Having profited by departure of detachment to march in 1806, she galloped with the detachment in Cossack clothes on her Alkid. Having reached it, she called herself Alexander Sokolov, son of landowner. She got the permission to follow Cossacks and joint Horse-Polish lancers in Grodno.

She participated in battles at Gutshadt, Heilsberg, Friedland, she displayed courage everywhere. She was awarded with soldier’s St. George cross for rescue of injured officer at the height of the fighting and promoted to officers with transfer to Mariupol hussar regiment.

At the instance of father to whom Durova wrote about her fate, an investigation was made, due to it Alexander I wished to meet “Sokolov”. The Emperor, surprised with selfless desire of the woman to serve her country on military front, allowed her to remain in the army in the rank of cornet of hussar regiment under name of Alexander Andreevich Alexandrov, derivative of his one, and apply to him with requests.

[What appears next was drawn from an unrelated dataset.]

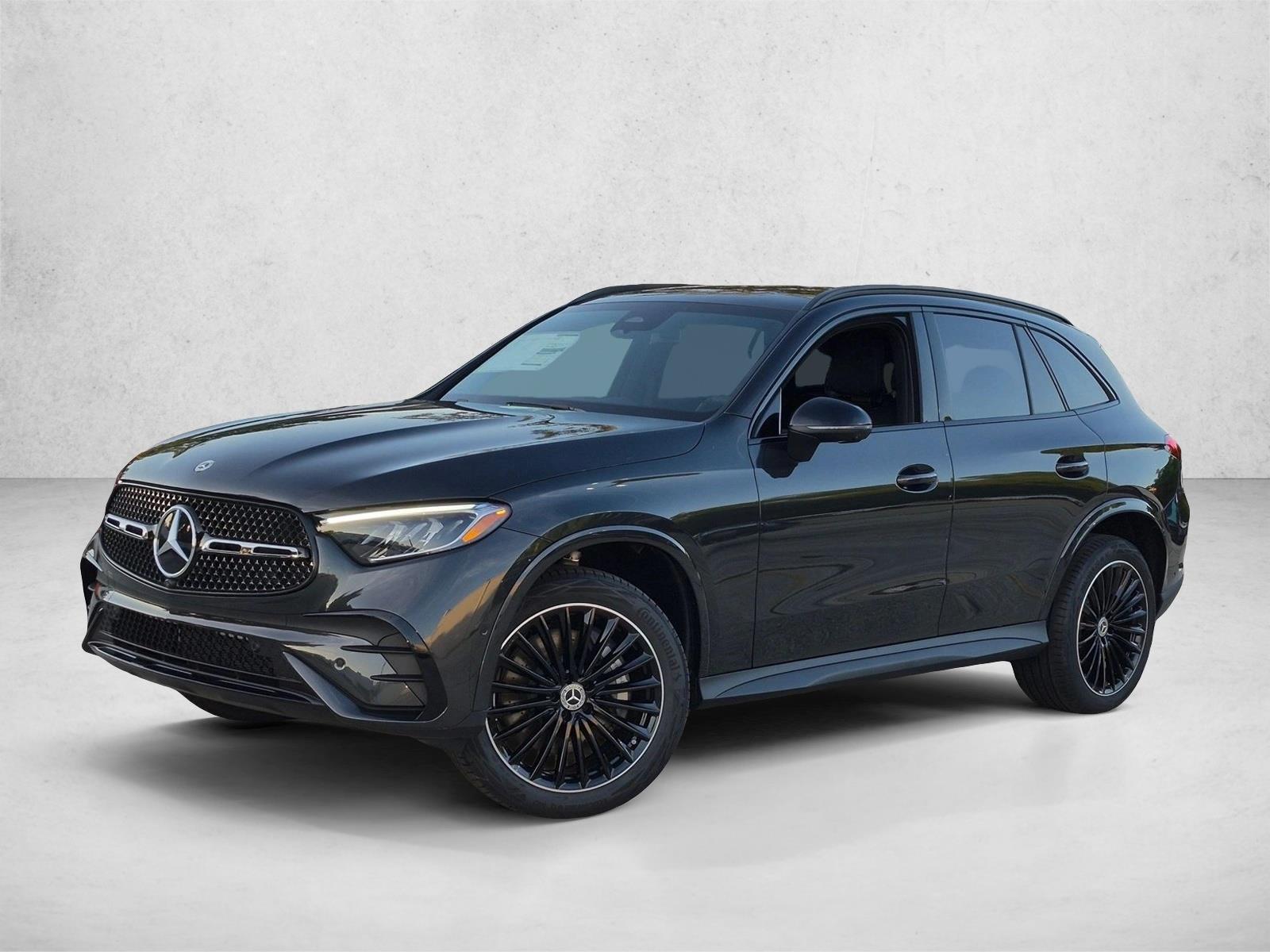 New 2027 Mercedes-Benz GLC 300 GLC 300 SUV SUV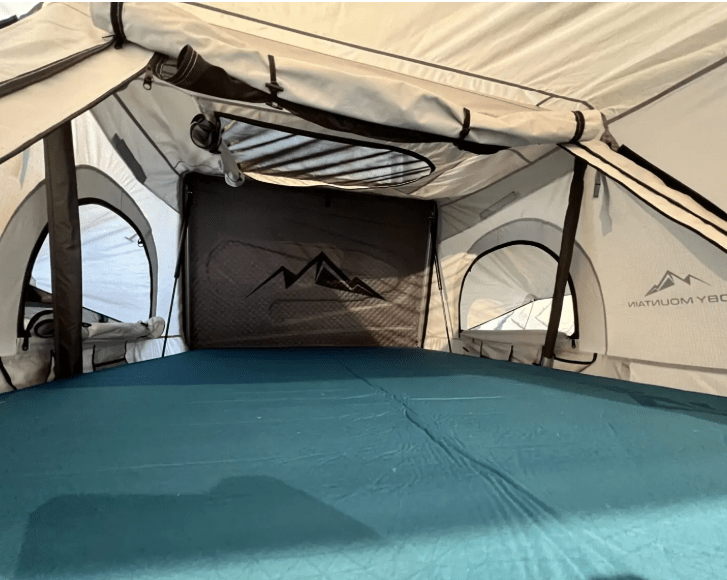 Deluxe - Matratze - Single - Good Camper - Showroom & Onlineshop für Dachzelte HH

Soon after this Durova left for Sarapul to his father, spent there over two years and at the beginning of 1811 again came to regiment (uhlan Lithuanian). During Pathriotic war she participated in battles at Smolenks, Kolotsk monastery, at Borodino where she was contused with a shot into her leg and left for Sarapul for cure. Later she was promoted to rank of lieutenant, served as orderly at Kutuzov.

Durova Nadezhda AndreevnaIn May 1813 she appeared again in active army and participated in war for liberation of Germany, distinguished herself in siege of fortress Modlina and cities Hamburg and Harburg. Only in 1816 conceding to father’s prayers, she retired with rank of staff captain and lived now in Sarapul, now in Elabuga. She always wore male clothes, signed all her letters as Alexandrov, became angry when anybody treated her like a woman and was notable for great oddities, among them, by the way, unusual love for animals.

Nadezhda Durova died on April 2, 1866. She entrusted to call her Alexander Andreevich Alexandrov during requiem service, the name that she achieved to herself and under which she lived during the whole life. But the priest didn’t venture to break church rules and performed the funeral by name given to her at christening.

Durova was buried with military honour. Officer of local garrison carried her St. George cross on velvet cushion before the coffin – for the first and the only time since the day of founding this main military Russian order a woman was awarded with it.